Santa Catarina (SC) é reconhecida internacionalmente pelas questões sanitárias. Vendemos carne suína e de frango para o mundo inteiro. É claro que é preciso ter cuidados, mas temos de agregar valor e fazer com que esse pessoal saia da ilegalidade. A lei permitirá que 6 mil famílias paguem imposto e fabriquem mais um produto catarinense com potencial para ser reconhecido nacional e internacionalmente – diz o parlamentar.
O Estado de SC já é um campeão quando se fala em qualidade dos queijos. Os produtos catarinenses ficaram na terceira posição no 3º Prêmio Queijo Brasil realizado em São Paulo, em outubro passado. Só que das 29 variedades laureadas, 17 não têm a venda formalizada e legalizada em SC, como o Kochkäse, produzido há gerações no Vale do Itajaí. Sem o impulso da formalização, esses produtos correm o risco de desaparecer. Segundo o último censo agropecuário do IBGE, de 2006, havia 5,8 mil propriedades rurais que produziam queijo em SC, um queda de 90% em relação a 1996.
A nova lei beneficiaria, por exemplo, Cristiano Marchi, um produtor de 29 anos, que faz o queijo Diamante ( medalha de bronze na premiação nacional) nome da mesma região em que mora em Major Gercino. Há dois anos ele trilhou o caminho inverso do êxodo rural, ao sair de Florianópolis e voltar para sua cidade natal. Mas, se não conseguir se formalizar e viver da produção, deve engrossar novamente as estatísticas de quem deixa o campo. Além do PL, ele aposta em um financiamento a fundo perdido, obtido junto ao Banco do Brasil pelos produtores da região para a construção de sete queijarias modelo.
Nós chegamos ao fundo do poço. Estava há dois anos parado. Agora, com o projeto das queijarias, se conseguirmos aprovar a lei, podemos pensar em ter turismo rural e outras fontes de renda. Muita gente já saiu daqui, porque você vai fazer o quê? Criar boi ou vender leite para a indústria? Aqui não tem diamante nenhum, nosso diamante é nosso queijo, diz Marchi.
Embora o Ministério da Agricultura (Mapa) tenha, desde 2013, uma instrução normativa que permite a comercialização de queijo de leite cru, uma regulamentação que a Companhia Integrada de Desenvolvimento Agropecuário de SC (Cidasc) afirma cumprir, produtores se queixam das inúmeras exigências incompatíveis com quem não tem o tamanho de uma indústria. Para resolver isso, há uma lei estadual de 1997, específica para os pequenos. Na prática, contudo, ela seria ignorada por parte dos fiscais, de acordo com relatos de agricultores que pediram para não serem identificados, obrigando os pequenos a seguir as mesmas exigências da agroindústria, como pagar por um responsável técnico. Confrontada com a informação, a Cidasc silenciou a respeito.

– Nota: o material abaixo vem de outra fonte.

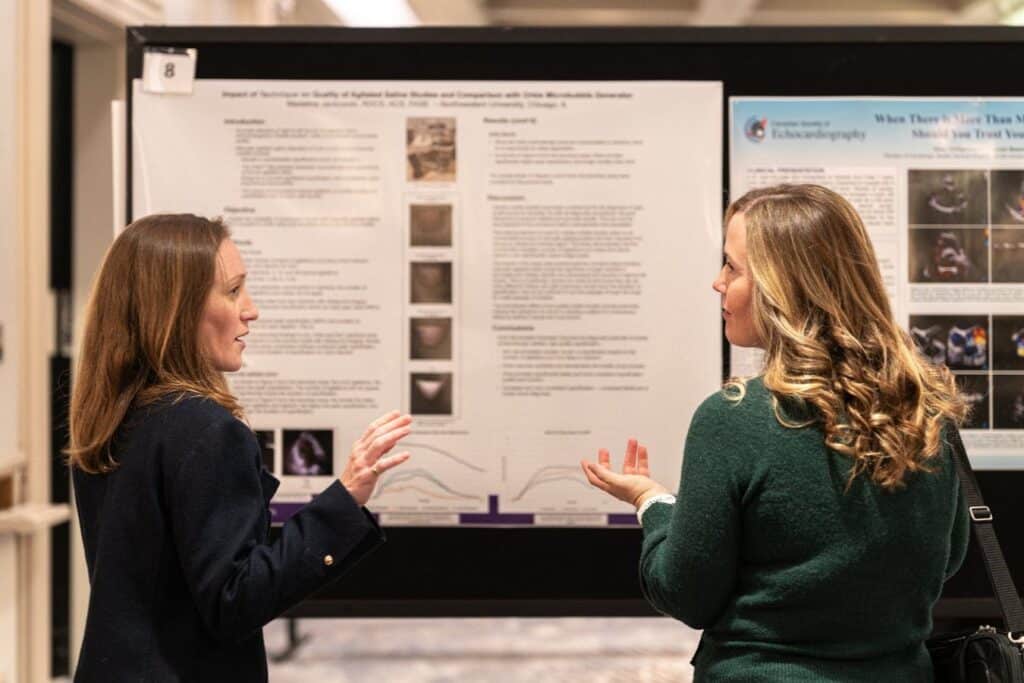 Two women discussing research poster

— É claro que tem que ter cuidados. Mas hoje é impossível pros pequenos (da forma como é exigido), já que eles (os órgãos fiscalizadores) praticamente ignoram a lei de 1997. O PL vai ser fundamental inclusive na questão sanitária. Na nossa região tem mais de cem pequenos produtores que fazem queijo em casa e vendem escondido. Isso ia formalizar esse povo e melhorar a qualidade do que é feito – explica um agricultor.
Além de muitos não conseguirem se enquadrar nas leis, os que superam essas barreiras enfrentam outras. A burocracia brasileira é um entrave adicional. Um caso emblemático foi a apreensão, neste ano, de cem quilos de queijos artesanais pernambucanos num estande de cachorro-quente da chef Roberta Sudbrack no Rock in Rio. Embora todos os alimentos estivessem dentro da validade, com nota fiscal e selo de inspeção do Estado de origem, foram recolhidos por fiscais da Vigilância Sanitária sob alegação de não preencherem outros requisitos, como o selo de inspeção federal. É como se estivessem bons para o consumo de pernambucanos, mas inadequados para cariocas.
Em síntese, o Projeto de Lei (PL) foi aprovado em novembro/2017, na Comissão de Constituição e Justiça, e está parado na Comissão de Finanças, porque o deputado Gabriel Ribeiro (PSD) pediu vista. Ainda precisará passar pela Comissão de Agricultura antes de ir a plenário da AL-SC. A expectativa é de que o PL (texto final) seja submetido à votação dos parlamentares ainda este ano.